Tenho o maior orgulho disso. Não do nosso futebol na Série D. Isso me entristece. Mas de estar na Série A. Durante esse tempo todo, representei o Estado nos gramados. As pessoas diziam que tinha um capixaba lá. Mesmo sendo um árbitro, as pessoas torcem porque tem o Espírito Santo lá.
E quando xingam sua mãe?
Ela está acostumada já. Meu pai apitou 35 anos. Sempre foi uma xingação.
Então ela sofreu duas vezes, como esposa e mãe?
Ela nem vê jogo. Nem gosta de futebol. Diz: 'Menino eu não quero nem saber o que está acontecendo. O torcedor não está me xingando, nem minha mãe. Está é desabafando. Já me acostumei com isso'.
Se você pudesse montar um cenário perfeito para a sua última partida como árbitro, qual time seria, onde seria?
Eu queria o jogo que vai decidir o Campeonato Brasileiro da Série A. O jogo que decide o campeão. Há dois anos quase fui para o jogo entre São Paulo e Goiás, quando o São Paulo foi campeão. Fui para o sorteio, mas meu nome não saiu.
Nesses 12 anos como árbitro, já te ofereceram, mesmo que indiretamente, uma oferta para manipulação de resultado? Para a marcação de um pênalti?

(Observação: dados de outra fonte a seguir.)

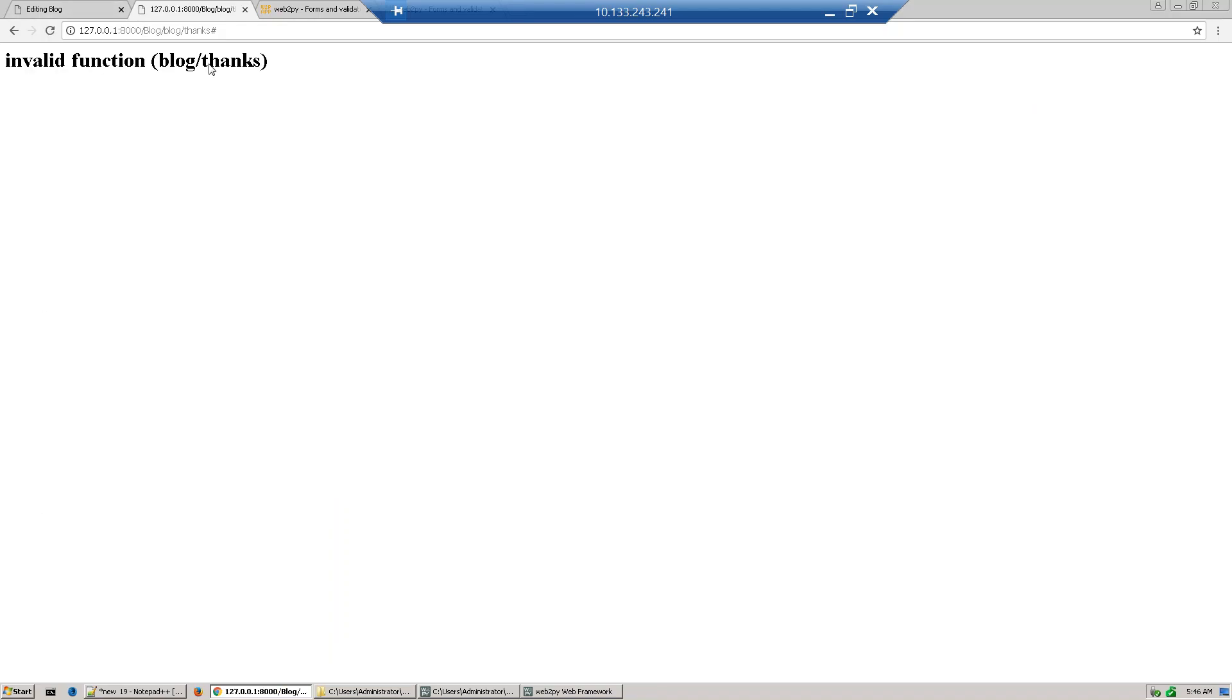So submit it. Okay, this error is coming because we have not defined the thanks page, so we will correct this.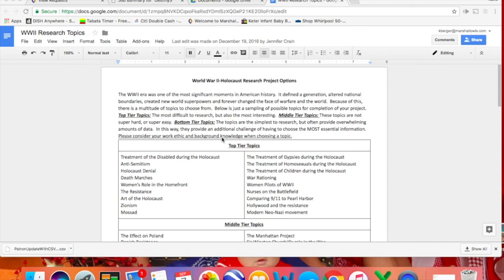Today we're going to look at sharing and editing our documents within Google Docs. So I have a Google Doc pulled up here. Obviously yours will be your paper that you are going to be sharing and editing. The first thing that I need to do is share it with a person who's going to edit it.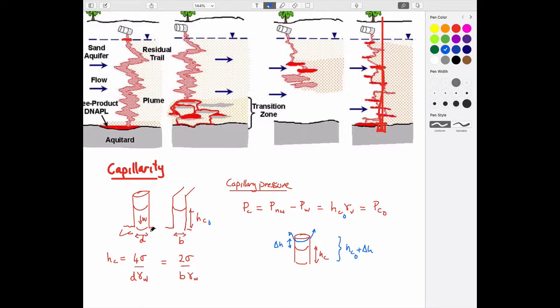If you add more height than H_c0 can support, the fluid can't hold itself anymore and will move downward. If there's nothing to stop it, it'll just keep going. That's why we end up with the architecture we see — ultimately stopped only by some barrier.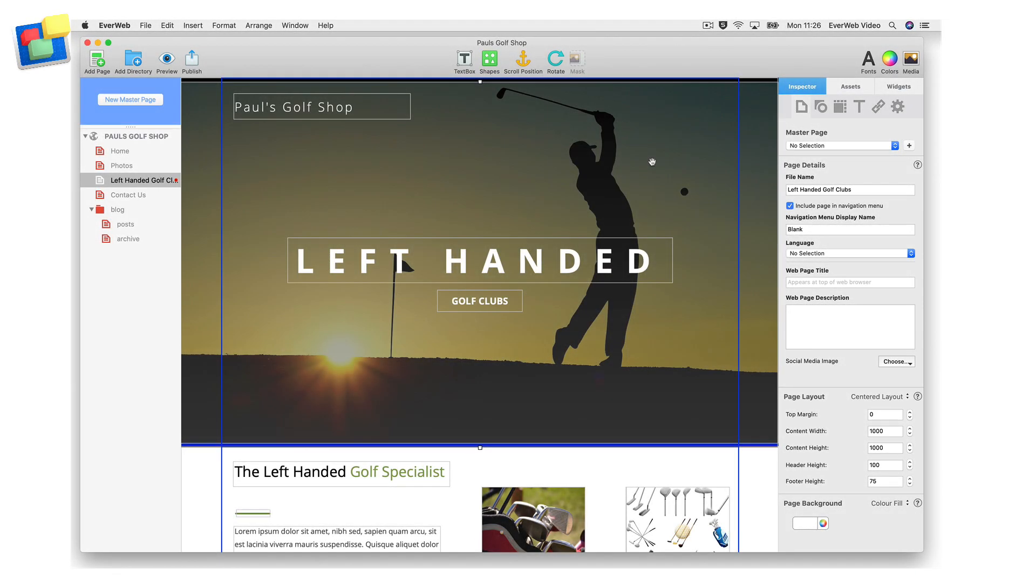An important part of SEO is having a properly structured website that can easily be navigated by your visitors. It should never be difficult for your visitors to go from one page in your site to any other page in your site.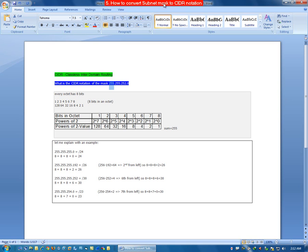How to convert subnet mask to CIDR notation? CIDR stands for classless inter-domain routing. For example, what is the CIDR notation of the mask 255.255.252.0?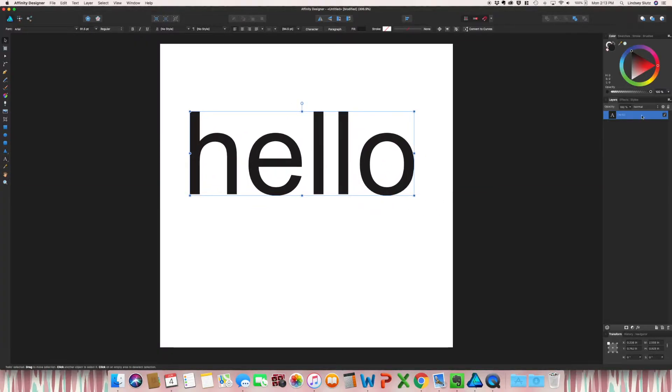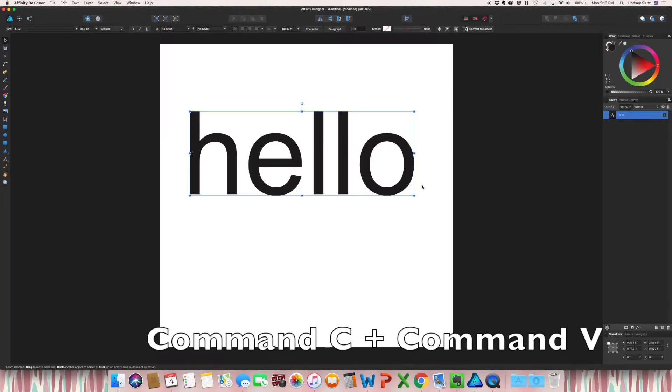And then you're going to copy and paste this. So you could do Command-C, Command-V.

Sempre teve. Aqui no Espírito Santo, não. Mas fora daqui, como já apitei jogos decisivos de Série B e C, quando chega na fase final, começam as conversinhas, porque tem rebaixamento, campeão... As pessoas jogam o "verde". Posso te afirmar que no futebol brasileiro existem pessoas que se tiverem a oportunidade, vão oferecer benefícios em troca de resultado, isso tem.
Teve algum ídolo que você apitou o jogo e ficou orgulhoso?
Já apitei jogo do Romário e ele até brincou comigo, perguntando de Vitória, porque ele gosta muito daqui. E também do Marcos, goleiro do Palmeiras, até porque tirei onda de ser goleiro quando era novo, não é? E ele é muito humilde.
E o Neymar?
É um menino. Menino mesmo. Comportamento de criança. Reclama de tempo, acréscimo. Não tem tarimba de jogador velho. Não sabe nem reclamar. É crianção. Isso que aconteceu com ele, de xingar o treinador, é reflexo da pressão que passou. Não condeno ele por nada que fez ou passou. É muita covardia para um menino de 17, 18 anos. Ali ele estava desabafando, querendo sair da pressão.
E o treinador mais chato?
Leão. Leão. Insuportável. Intragável. Não assume as responsabilidades. Perde o jogo o juiz é o culpado. Dissimulado. Coloca a culpa para cima dos outros. Não gostei de trabalhar com ele. Está desempregado agora, não quero isso para ninguém, mas pelo menos não tenho que encontrar com ele no campo. Não gosto de pessoas de mau caráter.